_Work instructions_. Please copy each line in the records below that contains the string "Gray".

[Saved entries]
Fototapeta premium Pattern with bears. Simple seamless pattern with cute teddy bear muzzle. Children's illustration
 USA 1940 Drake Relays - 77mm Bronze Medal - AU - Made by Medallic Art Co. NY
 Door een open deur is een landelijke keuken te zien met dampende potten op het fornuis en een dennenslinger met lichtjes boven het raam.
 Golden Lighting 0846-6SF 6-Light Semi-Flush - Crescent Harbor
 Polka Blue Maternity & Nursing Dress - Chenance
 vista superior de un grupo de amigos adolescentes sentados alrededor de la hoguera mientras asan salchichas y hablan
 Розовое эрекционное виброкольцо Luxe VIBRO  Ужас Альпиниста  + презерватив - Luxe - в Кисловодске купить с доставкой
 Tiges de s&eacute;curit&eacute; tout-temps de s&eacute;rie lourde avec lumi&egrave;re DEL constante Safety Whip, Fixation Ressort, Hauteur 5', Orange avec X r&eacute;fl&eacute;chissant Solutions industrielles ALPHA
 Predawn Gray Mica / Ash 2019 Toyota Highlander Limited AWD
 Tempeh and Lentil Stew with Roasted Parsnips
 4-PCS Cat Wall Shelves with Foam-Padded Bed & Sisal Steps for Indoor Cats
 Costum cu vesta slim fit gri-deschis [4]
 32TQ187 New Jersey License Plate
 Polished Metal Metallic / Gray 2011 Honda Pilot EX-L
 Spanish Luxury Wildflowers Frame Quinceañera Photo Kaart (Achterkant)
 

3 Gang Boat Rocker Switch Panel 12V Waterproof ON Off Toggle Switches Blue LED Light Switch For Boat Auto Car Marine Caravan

_Task response_.
 Predawn Gray Mica / Ash 2019 Toyota Highlander Limited AWD
 Polished Metal Metallic / Gray 2011 Honda Pilot EX-L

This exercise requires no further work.